The listing below should be printed again word for word, without any images.

■ **Data excerpt**
>>>>

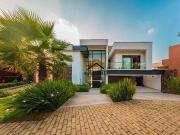 Casa / Sobrado em Condomínio para Venda em Santana de...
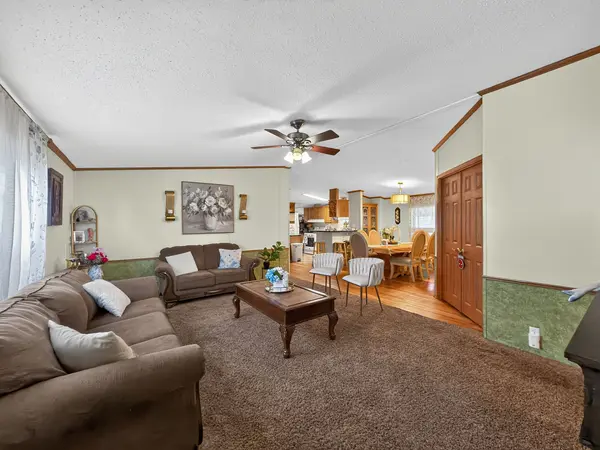 819 S 9Th ST, Dekalb, IL 60115
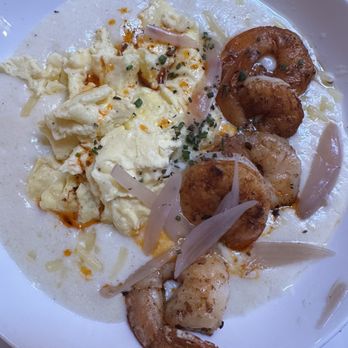 The Peach - Shrimp and grits - Breakfast & Brunch Near Me - Oakland, California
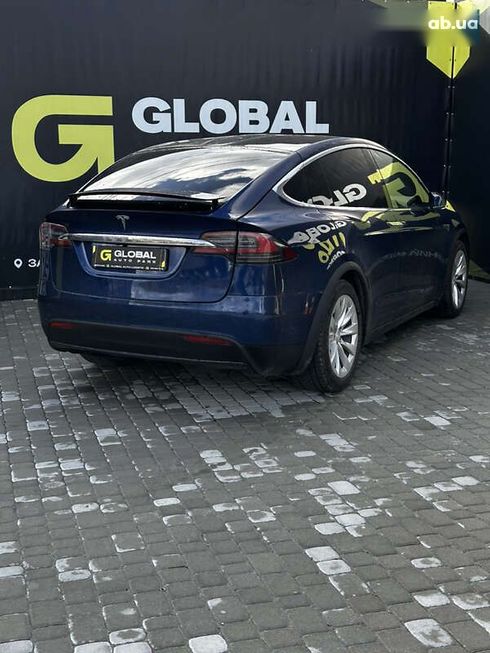 Tesla Model X 2016 - фото 26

<<<<

■ **Task answer**
 Casa / Sobrado em Condomínio para Venda em Santana de...
 819 S 9Th ST, Dekalb, IL 60115
 The Peach - Shrimp and grits - Breakfast & Brunch Near Me - Oakland, California
 Tesla Model X 2016 - фото 26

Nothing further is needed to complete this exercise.